Nirmal is an industrialist, and Raja is a small-time thief. Raja is in love with Nisha, and Nirmal is in love with Sandhya. Nirmal's father runs a tea plantation. When Nirmal's father is murdered, Bheem Thapa, the Commissioner of Police, notices the two men and plans to place the thief at the industrialist's house before selling Nirmal's father's property and stealing the money. Nirmal finds out his father was murdered and sets out to find the killer, who sets a trap for him. In the meantime, Raja takes his place. One of them is killed, and the other claims to be the industrialist. The mystery revolves around the identity of the survivor: either Raja or Nirmal. It is revealed Raja is dead; a fight ensues, and Nisha is killed. Nirmal continues his life happily.

== Cast ==
- Sanjay Kapoor as Nirmal Kumar Chinoy / Raja (dual role)
- Mamta Kulkarni as Sandhya, Nirmal's love interest.
- Manisha Koirala as Nisha, Raja's love interest.
- Tinnu Anand as Mama Manikchand
- Raj Babbar as Inspector Bheem Thapa
- Dalip Tahil as Baldev Diwan
- Neha Pendse as Guddi Chinoy
- Laxmikant Berde as Manik
- Navneet Nishan as Mrs.Chinoy, Nirmal's stepmother.
- Anant Mahadevan as Mr.
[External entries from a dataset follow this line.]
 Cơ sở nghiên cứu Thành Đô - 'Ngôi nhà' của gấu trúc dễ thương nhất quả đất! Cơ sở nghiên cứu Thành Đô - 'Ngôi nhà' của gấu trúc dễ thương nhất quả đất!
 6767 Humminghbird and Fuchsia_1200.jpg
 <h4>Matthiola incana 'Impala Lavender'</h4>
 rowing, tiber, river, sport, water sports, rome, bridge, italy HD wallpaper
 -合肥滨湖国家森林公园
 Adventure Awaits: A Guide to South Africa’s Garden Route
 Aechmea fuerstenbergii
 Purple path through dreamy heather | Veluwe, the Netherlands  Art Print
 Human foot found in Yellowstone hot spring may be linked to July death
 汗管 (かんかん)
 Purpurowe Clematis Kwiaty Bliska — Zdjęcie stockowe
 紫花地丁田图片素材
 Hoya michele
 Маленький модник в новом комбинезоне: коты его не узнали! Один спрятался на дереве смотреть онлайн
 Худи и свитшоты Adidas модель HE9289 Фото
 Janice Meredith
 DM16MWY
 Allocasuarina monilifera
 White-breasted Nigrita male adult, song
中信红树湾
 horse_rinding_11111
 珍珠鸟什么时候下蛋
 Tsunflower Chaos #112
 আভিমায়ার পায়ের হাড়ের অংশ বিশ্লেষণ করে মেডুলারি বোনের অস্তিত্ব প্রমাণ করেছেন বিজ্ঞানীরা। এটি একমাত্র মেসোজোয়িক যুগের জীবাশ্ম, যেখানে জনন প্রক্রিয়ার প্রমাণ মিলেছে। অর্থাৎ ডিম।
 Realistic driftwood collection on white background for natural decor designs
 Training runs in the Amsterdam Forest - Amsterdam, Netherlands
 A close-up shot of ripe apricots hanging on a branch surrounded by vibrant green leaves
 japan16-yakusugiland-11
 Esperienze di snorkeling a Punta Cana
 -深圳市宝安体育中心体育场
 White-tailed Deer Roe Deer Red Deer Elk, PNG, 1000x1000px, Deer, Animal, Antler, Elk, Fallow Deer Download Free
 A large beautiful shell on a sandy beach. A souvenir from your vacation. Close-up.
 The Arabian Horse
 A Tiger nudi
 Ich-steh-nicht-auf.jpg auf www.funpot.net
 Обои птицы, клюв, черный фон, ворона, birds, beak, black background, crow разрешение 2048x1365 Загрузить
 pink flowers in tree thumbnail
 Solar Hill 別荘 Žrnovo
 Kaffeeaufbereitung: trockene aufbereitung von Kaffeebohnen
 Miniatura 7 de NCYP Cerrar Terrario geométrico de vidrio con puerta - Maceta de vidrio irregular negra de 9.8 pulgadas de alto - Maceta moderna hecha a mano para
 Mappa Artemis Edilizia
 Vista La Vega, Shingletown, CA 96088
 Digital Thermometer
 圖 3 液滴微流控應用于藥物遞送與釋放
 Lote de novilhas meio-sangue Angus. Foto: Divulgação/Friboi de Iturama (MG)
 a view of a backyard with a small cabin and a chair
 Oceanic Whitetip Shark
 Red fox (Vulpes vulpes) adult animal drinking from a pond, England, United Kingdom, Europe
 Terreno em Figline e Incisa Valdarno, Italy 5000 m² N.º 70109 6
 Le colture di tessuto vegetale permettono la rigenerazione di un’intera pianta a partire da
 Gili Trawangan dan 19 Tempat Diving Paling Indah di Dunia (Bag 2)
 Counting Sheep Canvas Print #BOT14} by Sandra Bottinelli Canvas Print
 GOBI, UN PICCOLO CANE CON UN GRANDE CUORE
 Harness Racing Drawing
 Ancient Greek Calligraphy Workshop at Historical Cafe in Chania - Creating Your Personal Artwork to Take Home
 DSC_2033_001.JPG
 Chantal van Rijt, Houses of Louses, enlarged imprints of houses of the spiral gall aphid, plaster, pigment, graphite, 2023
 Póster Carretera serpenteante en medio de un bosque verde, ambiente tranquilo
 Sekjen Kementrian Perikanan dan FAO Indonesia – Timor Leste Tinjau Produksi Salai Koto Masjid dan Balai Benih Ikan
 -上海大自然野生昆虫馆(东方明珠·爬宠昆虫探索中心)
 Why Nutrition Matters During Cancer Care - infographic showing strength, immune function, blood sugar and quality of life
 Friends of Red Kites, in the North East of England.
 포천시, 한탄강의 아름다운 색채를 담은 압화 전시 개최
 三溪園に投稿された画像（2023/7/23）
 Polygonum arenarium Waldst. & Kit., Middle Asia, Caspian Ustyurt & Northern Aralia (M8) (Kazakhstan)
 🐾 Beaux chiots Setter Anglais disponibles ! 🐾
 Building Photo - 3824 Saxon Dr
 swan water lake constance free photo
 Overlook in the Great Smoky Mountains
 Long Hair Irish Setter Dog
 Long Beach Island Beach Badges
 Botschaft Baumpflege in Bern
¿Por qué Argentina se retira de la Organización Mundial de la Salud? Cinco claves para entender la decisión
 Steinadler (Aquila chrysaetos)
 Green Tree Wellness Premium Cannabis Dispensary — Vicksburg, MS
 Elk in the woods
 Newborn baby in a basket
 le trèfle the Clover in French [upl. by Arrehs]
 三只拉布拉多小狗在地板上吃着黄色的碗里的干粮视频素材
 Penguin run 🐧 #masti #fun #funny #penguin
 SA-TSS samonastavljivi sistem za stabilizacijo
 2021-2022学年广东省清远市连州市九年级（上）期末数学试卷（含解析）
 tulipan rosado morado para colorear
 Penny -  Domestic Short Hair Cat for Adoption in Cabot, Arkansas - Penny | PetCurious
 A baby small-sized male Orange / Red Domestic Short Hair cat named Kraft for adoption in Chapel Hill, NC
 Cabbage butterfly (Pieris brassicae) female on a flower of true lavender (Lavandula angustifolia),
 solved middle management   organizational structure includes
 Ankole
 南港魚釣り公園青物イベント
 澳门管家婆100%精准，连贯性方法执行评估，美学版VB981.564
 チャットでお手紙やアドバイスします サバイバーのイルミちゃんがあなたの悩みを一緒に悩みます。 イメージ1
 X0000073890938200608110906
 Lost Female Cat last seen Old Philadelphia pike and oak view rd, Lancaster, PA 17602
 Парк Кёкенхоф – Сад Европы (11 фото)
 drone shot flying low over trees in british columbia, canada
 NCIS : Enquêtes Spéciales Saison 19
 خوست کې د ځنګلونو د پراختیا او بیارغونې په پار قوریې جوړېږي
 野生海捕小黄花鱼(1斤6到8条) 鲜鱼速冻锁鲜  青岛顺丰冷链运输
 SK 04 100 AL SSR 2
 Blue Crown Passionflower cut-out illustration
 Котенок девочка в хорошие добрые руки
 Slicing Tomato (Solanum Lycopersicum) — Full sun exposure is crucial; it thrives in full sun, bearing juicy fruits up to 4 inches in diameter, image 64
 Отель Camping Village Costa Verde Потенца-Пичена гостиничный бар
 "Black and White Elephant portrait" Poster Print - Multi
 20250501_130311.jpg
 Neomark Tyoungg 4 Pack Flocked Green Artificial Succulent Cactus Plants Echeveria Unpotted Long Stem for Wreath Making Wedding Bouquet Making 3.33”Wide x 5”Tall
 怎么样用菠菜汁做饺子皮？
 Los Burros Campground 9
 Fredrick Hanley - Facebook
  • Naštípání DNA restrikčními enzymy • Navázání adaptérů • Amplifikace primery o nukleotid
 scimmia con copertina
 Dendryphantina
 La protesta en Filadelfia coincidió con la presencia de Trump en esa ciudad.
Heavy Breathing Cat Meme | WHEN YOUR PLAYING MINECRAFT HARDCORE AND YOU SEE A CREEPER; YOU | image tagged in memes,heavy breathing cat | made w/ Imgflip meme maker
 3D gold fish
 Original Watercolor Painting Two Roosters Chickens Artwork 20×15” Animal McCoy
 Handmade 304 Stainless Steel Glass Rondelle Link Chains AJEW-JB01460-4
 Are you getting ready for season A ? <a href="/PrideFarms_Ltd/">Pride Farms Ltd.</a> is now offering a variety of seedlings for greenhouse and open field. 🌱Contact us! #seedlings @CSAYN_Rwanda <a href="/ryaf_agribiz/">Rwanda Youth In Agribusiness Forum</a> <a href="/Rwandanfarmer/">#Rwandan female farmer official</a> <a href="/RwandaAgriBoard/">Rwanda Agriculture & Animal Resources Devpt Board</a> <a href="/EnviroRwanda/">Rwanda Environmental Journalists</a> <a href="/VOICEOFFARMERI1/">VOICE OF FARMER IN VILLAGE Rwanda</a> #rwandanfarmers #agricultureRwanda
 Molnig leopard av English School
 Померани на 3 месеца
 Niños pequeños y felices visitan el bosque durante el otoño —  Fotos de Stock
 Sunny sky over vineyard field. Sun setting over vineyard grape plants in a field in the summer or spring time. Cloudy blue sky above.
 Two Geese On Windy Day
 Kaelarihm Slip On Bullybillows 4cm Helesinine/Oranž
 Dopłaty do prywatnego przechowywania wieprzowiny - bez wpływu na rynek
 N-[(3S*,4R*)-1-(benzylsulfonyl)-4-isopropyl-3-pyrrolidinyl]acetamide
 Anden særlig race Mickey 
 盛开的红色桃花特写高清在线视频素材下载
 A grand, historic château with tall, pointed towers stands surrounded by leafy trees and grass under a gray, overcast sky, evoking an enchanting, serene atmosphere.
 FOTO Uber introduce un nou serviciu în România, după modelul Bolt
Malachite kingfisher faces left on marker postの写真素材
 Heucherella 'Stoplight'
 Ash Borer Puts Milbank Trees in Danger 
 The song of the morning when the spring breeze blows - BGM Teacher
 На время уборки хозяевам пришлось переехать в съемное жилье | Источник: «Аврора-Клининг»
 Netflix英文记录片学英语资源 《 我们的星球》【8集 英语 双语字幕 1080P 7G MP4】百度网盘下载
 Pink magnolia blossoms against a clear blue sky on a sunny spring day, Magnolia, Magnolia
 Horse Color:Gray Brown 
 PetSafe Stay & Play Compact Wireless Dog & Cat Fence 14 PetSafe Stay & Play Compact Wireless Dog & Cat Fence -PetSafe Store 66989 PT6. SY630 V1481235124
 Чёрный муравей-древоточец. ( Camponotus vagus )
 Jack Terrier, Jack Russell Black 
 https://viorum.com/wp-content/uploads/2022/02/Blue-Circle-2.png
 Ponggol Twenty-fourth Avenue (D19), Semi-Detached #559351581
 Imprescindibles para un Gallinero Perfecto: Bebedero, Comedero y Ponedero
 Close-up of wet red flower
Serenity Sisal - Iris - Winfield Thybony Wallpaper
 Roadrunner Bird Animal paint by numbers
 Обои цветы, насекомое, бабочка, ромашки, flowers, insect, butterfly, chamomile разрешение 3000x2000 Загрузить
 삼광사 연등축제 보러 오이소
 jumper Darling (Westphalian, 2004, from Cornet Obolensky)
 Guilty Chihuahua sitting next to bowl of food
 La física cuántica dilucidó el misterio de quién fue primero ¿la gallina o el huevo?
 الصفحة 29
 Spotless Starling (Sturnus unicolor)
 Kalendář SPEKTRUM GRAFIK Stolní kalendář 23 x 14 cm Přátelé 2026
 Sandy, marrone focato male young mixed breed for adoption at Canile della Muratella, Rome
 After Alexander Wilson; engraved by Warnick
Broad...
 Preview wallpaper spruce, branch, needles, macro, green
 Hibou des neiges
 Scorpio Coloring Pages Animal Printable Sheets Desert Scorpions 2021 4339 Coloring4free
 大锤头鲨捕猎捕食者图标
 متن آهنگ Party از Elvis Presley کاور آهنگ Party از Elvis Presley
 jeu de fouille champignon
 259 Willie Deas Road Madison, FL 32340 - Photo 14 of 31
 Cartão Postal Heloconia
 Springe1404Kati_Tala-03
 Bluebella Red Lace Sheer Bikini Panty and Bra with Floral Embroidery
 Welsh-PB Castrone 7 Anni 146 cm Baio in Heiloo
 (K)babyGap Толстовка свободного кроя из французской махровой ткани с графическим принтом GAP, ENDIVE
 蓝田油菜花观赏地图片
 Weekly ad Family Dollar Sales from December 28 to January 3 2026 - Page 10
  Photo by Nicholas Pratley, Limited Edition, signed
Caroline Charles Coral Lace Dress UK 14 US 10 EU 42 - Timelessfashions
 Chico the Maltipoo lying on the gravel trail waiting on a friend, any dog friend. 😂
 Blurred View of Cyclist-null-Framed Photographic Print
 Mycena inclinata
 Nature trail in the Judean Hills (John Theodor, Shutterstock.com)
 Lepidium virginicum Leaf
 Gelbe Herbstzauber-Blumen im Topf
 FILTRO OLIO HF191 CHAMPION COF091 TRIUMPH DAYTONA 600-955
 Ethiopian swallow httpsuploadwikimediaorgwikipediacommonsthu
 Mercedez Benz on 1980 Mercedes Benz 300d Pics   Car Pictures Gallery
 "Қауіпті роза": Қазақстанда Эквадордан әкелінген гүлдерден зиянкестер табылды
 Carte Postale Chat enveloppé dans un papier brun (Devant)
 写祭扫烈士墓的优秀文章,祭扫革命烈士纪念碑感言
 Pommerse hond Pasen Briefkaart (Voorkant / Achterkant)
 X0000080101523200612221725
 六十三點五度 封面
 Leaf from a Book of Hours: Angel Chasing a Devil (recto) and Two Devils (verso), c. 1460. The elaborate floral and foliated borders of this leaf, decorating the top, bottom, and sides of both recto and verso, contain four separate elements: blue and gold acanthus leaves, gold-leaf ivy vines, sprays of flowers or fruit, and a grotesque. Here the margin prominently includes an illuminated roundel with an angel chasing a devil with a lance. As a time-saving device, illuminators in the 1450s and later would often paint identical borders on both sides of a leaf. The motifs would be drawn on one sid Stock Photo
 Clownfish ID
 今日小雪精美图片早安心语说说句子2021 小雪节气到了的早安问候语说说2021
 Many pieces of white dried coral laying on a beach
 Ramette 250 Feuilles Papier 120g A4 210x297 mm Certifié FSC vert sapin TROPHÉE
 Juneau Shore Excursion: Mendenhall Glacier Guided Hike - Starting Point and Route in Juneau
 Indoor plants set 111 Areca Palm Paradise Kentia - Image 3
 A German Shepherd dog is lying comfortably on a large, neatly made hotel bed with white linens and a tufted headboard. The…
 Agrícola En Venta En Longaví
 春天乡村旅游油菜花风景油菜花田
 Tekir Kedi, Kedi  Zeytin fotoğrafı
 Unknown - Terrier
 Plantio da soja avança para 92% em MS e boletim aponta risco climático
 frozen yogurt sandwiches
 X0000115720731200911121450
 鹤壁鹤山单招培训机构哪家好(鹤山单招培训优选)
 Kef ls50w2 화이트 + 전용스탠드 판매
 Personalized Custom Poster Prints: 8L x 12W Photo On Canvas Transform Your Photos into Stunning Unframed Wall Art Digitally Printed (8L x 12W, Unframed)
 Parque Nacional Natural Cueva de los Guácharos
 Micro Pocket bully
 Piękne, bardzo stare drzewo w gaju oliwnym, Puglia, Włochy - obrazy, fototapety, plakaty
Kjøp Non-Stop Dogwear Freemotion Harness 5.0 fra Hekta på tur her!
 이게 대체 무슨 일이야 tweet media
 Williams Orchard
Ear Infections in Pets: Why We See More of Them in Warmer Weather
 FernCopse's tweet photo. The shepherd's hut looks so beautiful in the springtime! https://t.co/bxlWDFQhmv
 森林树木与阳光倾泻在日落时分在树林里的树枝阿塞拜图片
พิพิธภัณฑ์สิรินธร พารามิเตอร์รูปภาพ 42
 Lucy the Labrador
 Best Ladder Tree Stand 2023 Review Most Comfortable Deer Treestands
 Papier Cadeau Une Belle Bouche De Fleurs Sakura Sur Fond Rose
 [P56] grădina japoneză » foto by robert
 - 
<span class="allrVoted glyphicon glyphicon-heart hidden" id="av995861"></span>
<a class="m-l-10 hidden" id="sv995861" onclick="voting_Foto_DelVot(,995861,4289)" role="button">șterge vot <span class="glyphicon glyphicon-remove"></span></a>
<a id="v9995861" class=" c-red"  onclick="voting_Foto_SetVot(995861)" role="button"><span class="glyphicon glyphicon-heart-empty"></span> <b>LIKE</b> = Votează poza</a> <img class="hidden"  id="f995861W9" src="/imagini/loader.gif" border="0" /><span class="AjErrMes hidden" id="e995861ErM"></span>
Chinoy, Nirmal's father.
- Ram Sethi as Mukadam
- Avtar Gill as Driver Satpal
- Mushtaq Khan
- Vishwajeet Pradhan
- Viju Khote
- Satyen Kappu as Sandhya's father

== Soundtrack ==

Lyrics are written by Anand Bakshi, while the music is by Anand Milind. Most popular songs in album "O Bangla Gaadi Jhumke Kangana", "Yeh Chand Koi Deewana Hai", "Tu Nikla Chhupa Rustam" etc.

Track list
| No. | Title | Lyrics | Artist(s) | Length |
|---|---|---|---|---|
| 1. | "O Bangla Gaadi" | Anand Bakshi | Alka Yagnik |  |
| 2. | "Tu Nikla Chhupa Rustam" | Anand Bakshi | Alka Yagnik |  |
| 3. | "Yeh Chand Koi Deewana Hai" | Anand Bakshi | Alka Yagnik and Kumar Sanu |  |
| 4. | "Raja Yeh Kya Karte Ho" | Anand Bakshi | Alka Yagnik and Kumar Sanu |  |
| 5. | "Pyar Mein Dil To" | Anand Bakshi | Alka Yagnik and Kumar Sanu |  |
| 6. | "Tu Hai Mere Dil Mein" | Anand Bakshi | Hariharan and Sadhana Sargam |  |
| Total length: |  |  |  | 35:22 |

== Reception ==
The film was a box office success earning ₹ 9.46 crore.